Deu ruim. O ex-diretor da Agência Brasileira de Inteligência (ABIN), Alexandre Ramagem, foi preso nesta segunda (13), pelo Serviço de Imigração e Controle de Aduanas dos EUA, o tenebroso ICE.
As razões para a prisão ainda não foram esclarecidas pela Polícia Federal brasileira. Uma hipótese é vadiagem porque o sujeito não estava com os papéis em ordem. O visto de turista estava vencido.
Ramagem fugiu do Brasil no contexto do julgamento do golpe, atravessando a fronteira de Roraima e entrando na Guiana antes de embarcar para os Estados Unidos.

O ICE ainda não informou os detalhes da prisão, mas sua atuação segue o objetivo de “manter a segurança nacional dos Estados Unidos”.
Ramagem, que perdeu seu cargo como deputado federal e foi condenado a 16 anos de prisão pelos crimes de organização criminosa armada, tentativa de abolição violenta do Estado de Direito e golpe de Estado, está entre os aliados de Bolsonaro que resistiram à ordem de extradição.

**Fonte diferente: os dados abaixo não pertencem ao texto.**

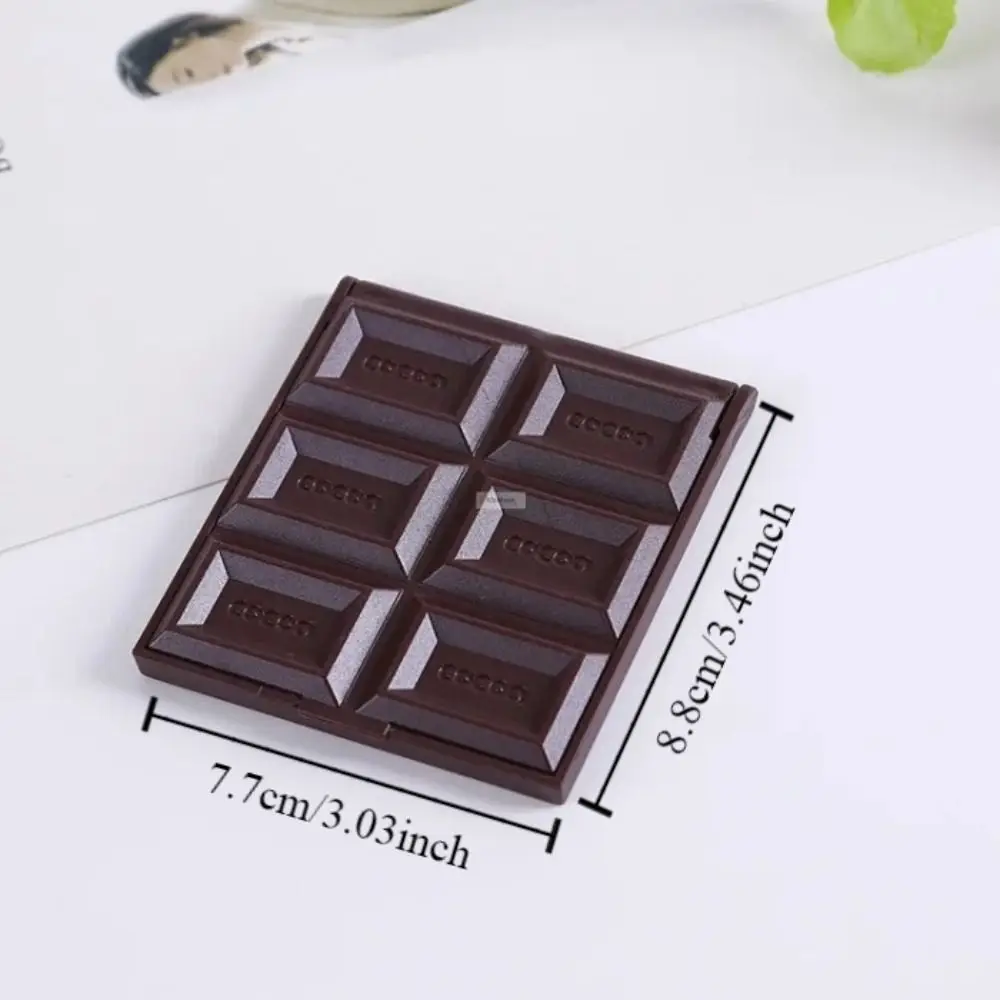 Miroirs compacts décoratifs carrés en forme de chocolat pour femmes, miroir de courtoisie portable, format de voyage Kawaii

Além de Ramagem, Allan dos Santos, um blogueiro aliado de Bolsonaro, também fugiu para os Estados Unidos e se encontra foragido desde 2021. Apesar de várias tentativas de extraditar os aliados do ex-presidente, o governo dos Estados Unidos resistiu ao cumprimento das ordens judiciais emitidas pelo STF.
Eduardo Bolsonaro tem um interrogatório marcado para terça-feira, 14, no qual é réu por coação do Judiciário durante o período que antecedeu o julgamento da trama golpista, pela qual seu pai, o ex-presidente Jair Bolsonaro, está em cana.